- [Provided entries]:
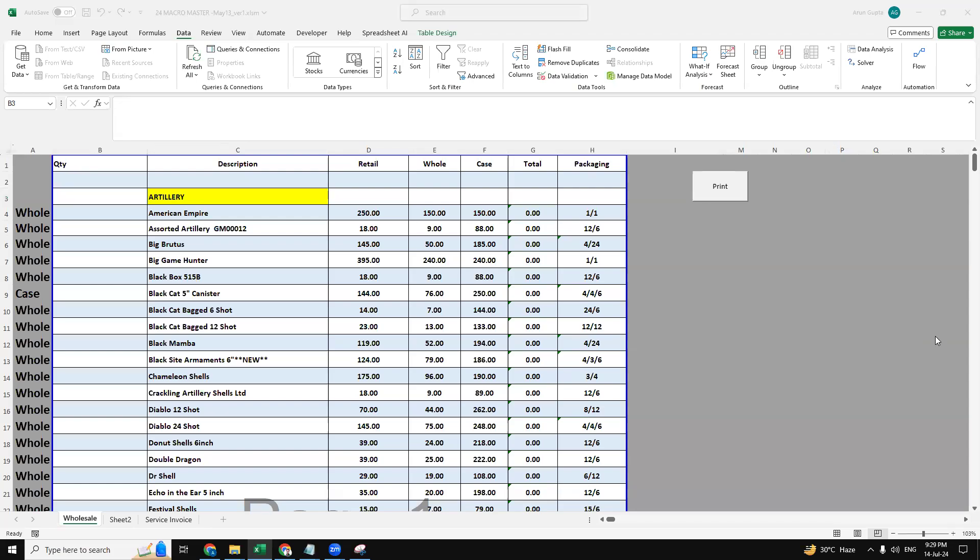Hello everyone, this is Arun and today in this video I am going to provide a walkthrough of an automated invoice generator.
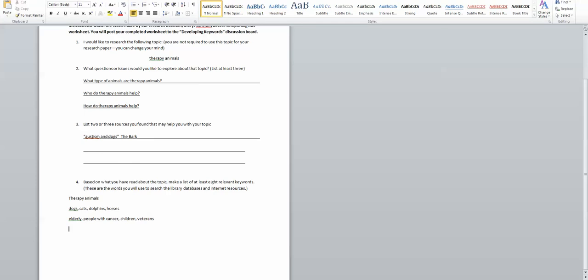Then my last question is how do therapy animals help? And again, I've done enough reading to know they provide physical support, they provide emotional support, and they provide mental health support.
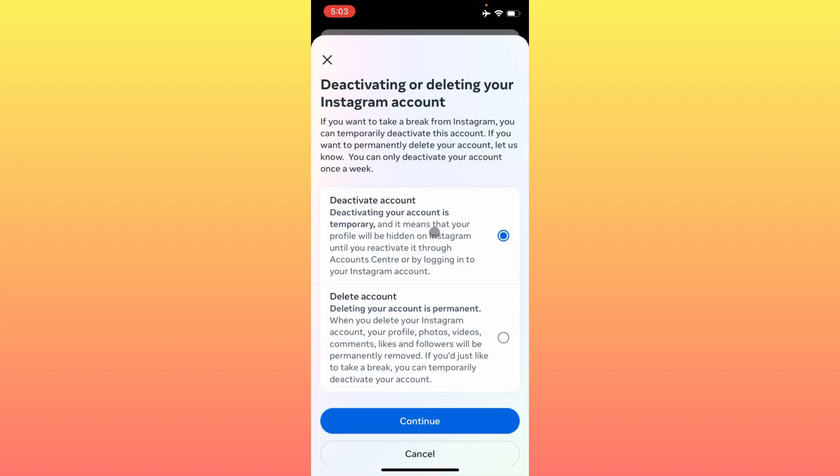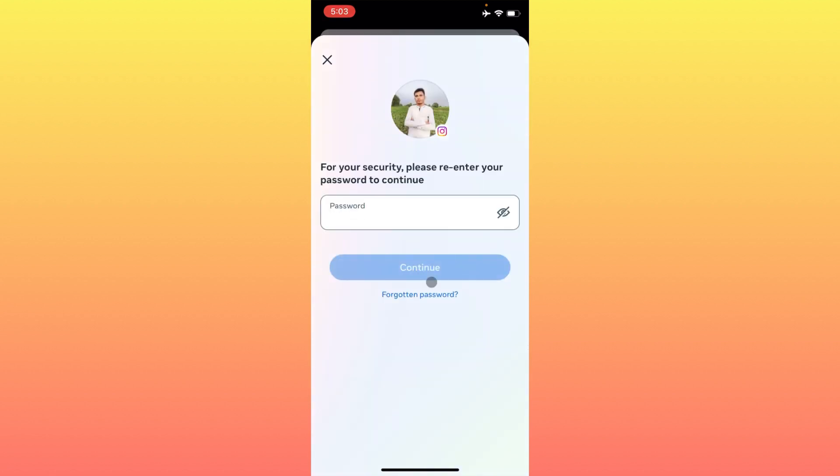After this, from here, Deactivate Account is already selected. If not, simply you have to select this one and click on Continue. After this, here you need to put the password of your Instagram account.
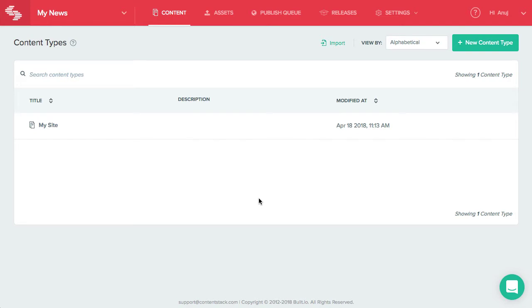Releases in ContentStack allows you to publish or unpublish a bunch of entries and assets on a particular environment at one go. This is useful particularly at the time of an event or announcement or product updates.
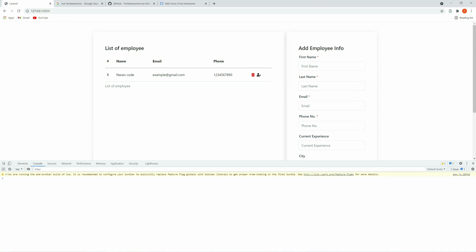This is the way we can implement Font Awesome in a Vue template. Thank you for watching — if you like this video please do subscribe.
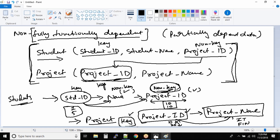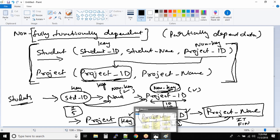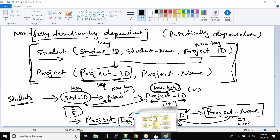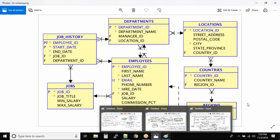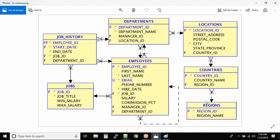I want to talk about third normal form, but before that, if you look at this data model, it starts making some sense. You can see these marks and I'll be talking about those relationships.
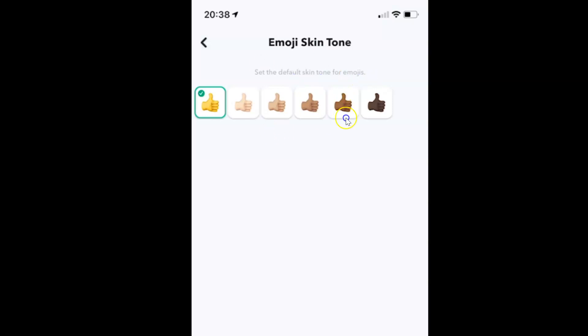You can see here we have six skin tone options. Just go to the option that you want and tap on it to select it.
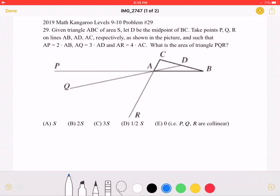The answer choices are: A) S, B) 2S, C) 3S, D) 1/2 S, or E) 0.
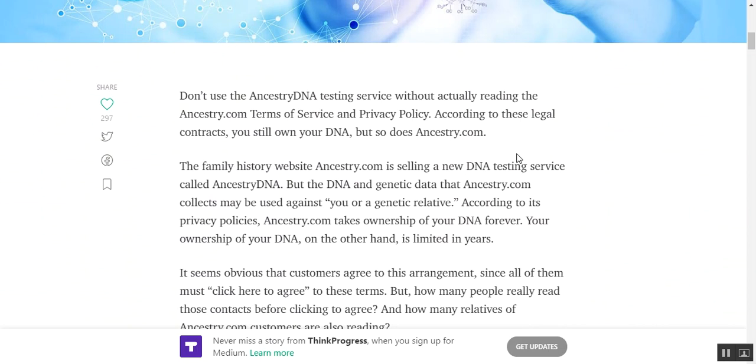Don't use the ancestry DNA testing service without actually reading the ancestry.com terms of service and privacy policy. According to these legal contracts, you still own your DNA, but so does ancestry.com.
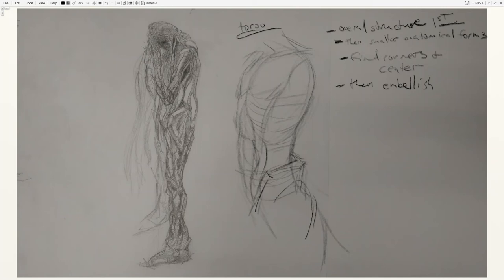And as you add to it, you don't want to lose the sense that these forms are going in and around a larger structure. So the smaller forms have to be developed in accordance with the larger forms that you set up initially.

- [Task statement]: Retype all the data exactly, please, without pictures.

- [Exercise response]:
Hello everyone, this is Arun and today in this video I am going to provide a walkthrough of an automated invoice generator.
Then my last question is how do therapy animals help? And again, I've done enough reading to know they provide physical support, they provide emotional support, and they provide mental health support.
After this, from here, Deactivate Account is already selected. If not, simply you have to select this one and click on Continue. After this, here you need to put the password of your Instagram account.
Releases in ContentStack allows you to publish or unpublish a bunch of entries and assets on a particular environment at one go. This is useful particularly at the time of an event or announcement or product updates.
This is the way we can implement Font Awesome in a Vue template. Thank you for watching — if you like this video please do subscribe.
I want to talk about third normal form, but before that, if you look at this data model, it starts making some sense. You can see these marks and I'll be talking about those relationships.
You can see here we have six skin tone options. Just go to the option that you want and tap on it to select it.
The answer choices are: A) S, B) 2S, C) 3S, D) 1/2 S, or E) 0.
Don't use the ancestry DNA testing service without actually reading the ancestry.com terms of service and privacy policy. According to these legal contracts, you still own your DNA, but so does ancestry.com.
And as you add to it, you don't want to lose the sense that these forms are going in and around a larger structure. So the smaller forms have to be developed in accordance with the larger forms that you set up initially.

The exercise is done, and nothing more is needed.